====== TASK INPUT

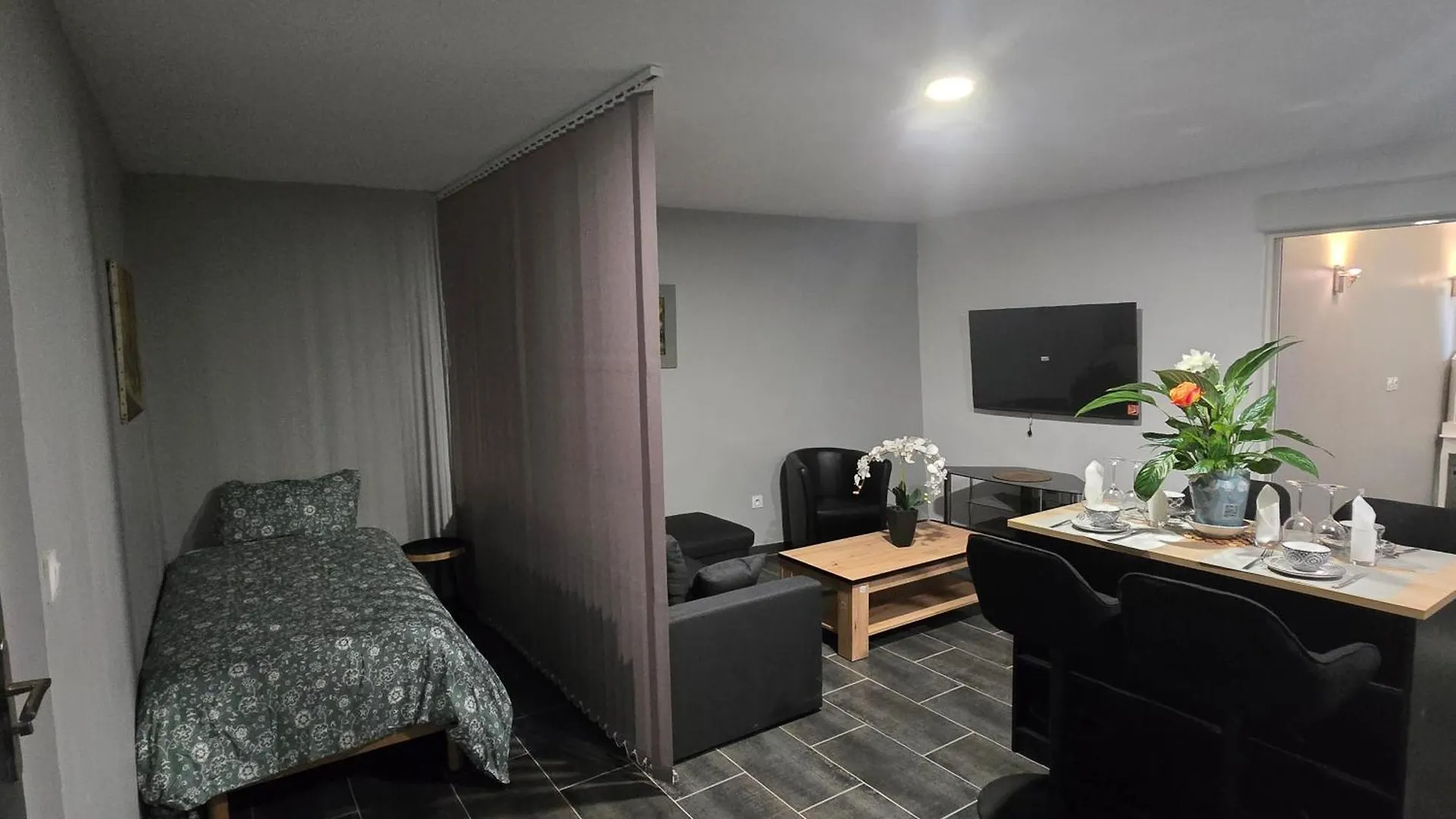 L Instant Douillet 2 Apartment Sisteron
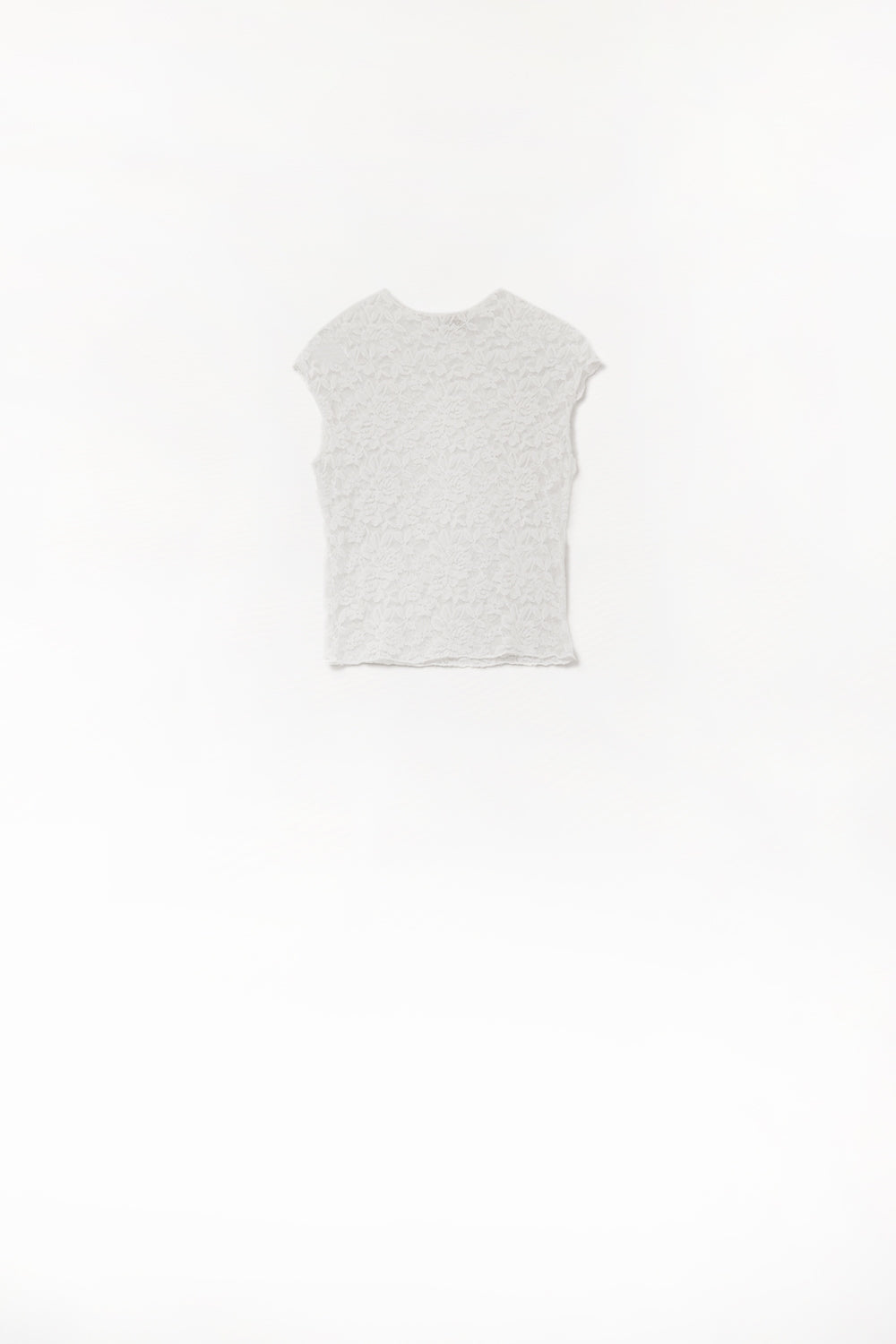 Camiseta romántica de encaje sin mangas en blanco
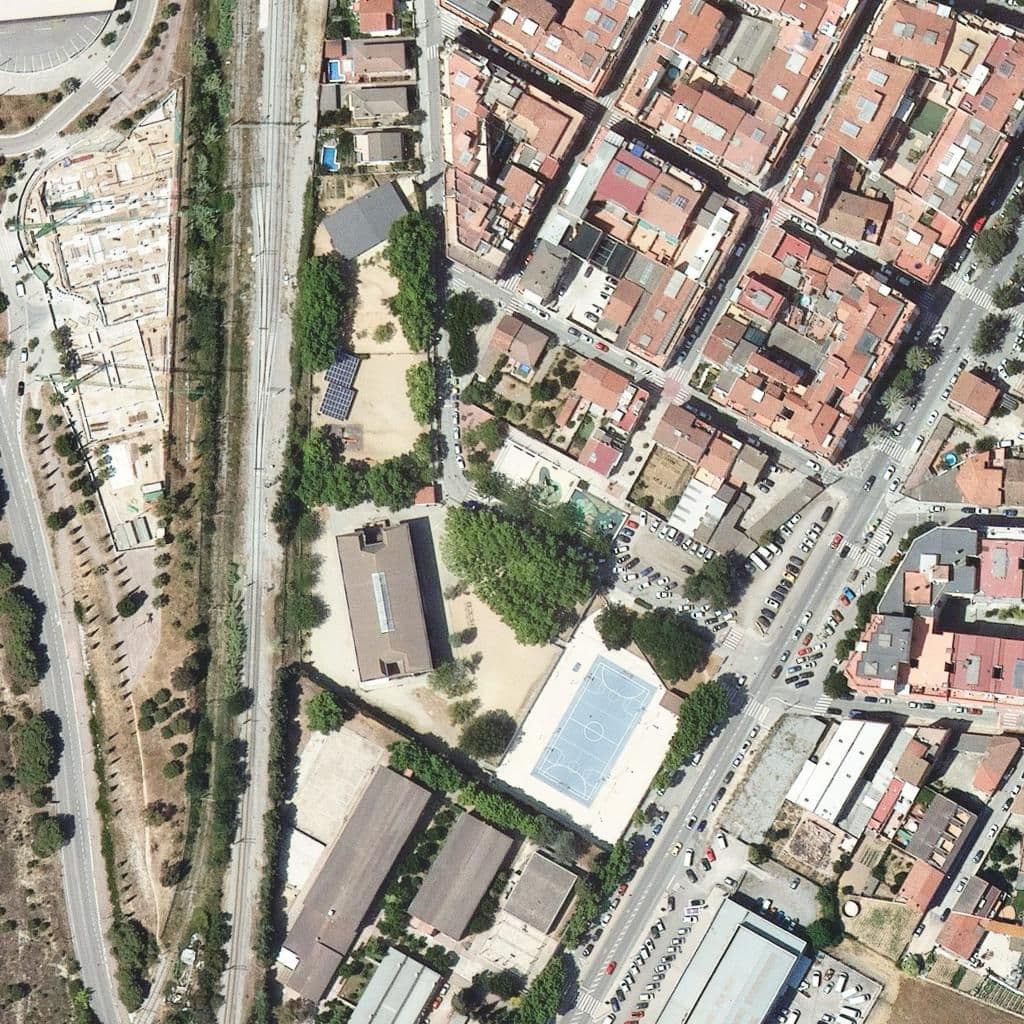 Вид сверху на территорию школы «Escola Sant Jordi»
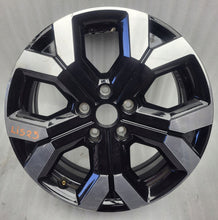 Load image into Gallery viewer, 1x Alufelge 17 Zoll 6.5" 5x114.3 32ET 403000562R Dacia Duster Rim Wheel FEL4675423815xy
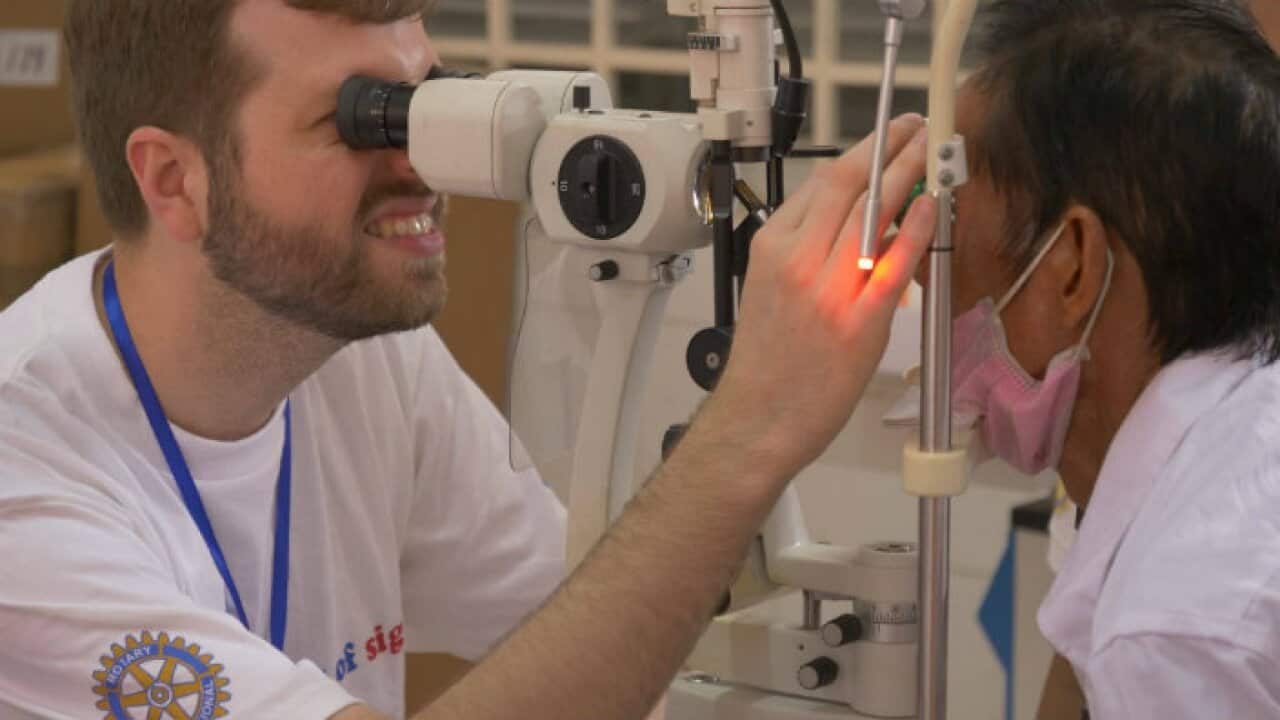Aussie Medical team is providing free eye treatment to Cambodian
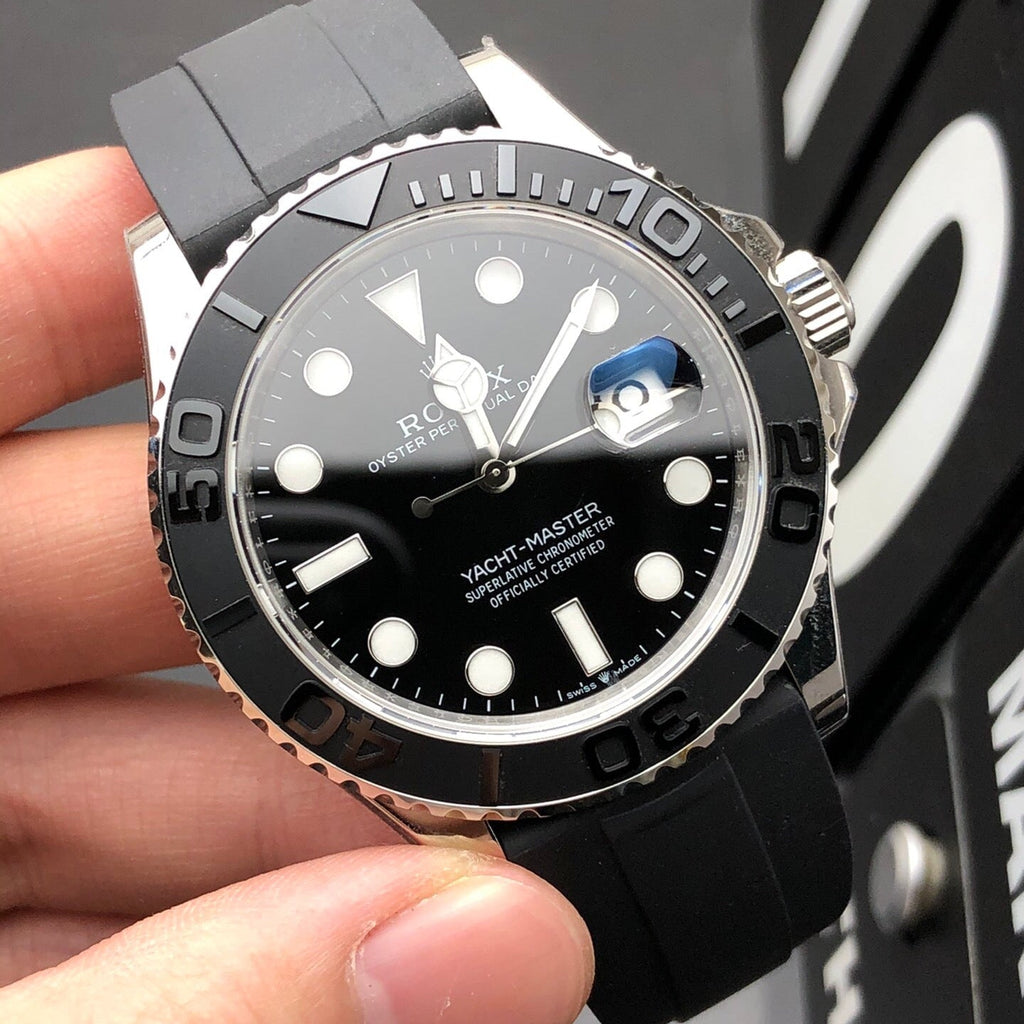 Reloj automático en tono platino de 44 mm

============

YOUR OBJECTIVE:
The response should contain every record above exactly as written, and none of the pictures.

TASK RESPONSE:
 L Instant Douillet 2 Apartment Sisteron
 Camiseta romántica de encaje sin mangas en blanco
 Вид сверху на территорию школы «Escola Sant Jordi»
 Load image into Gallery viewer, 1x Alufelge 17 Zoll 6.5" 5x114.3 32ET 403000562R Dacia Duster Rim Wheel FEL4675423815xy
Aussie Medical team is providing free eye treatment to Cambodian
 Reloj automático en tono platino de 44 mm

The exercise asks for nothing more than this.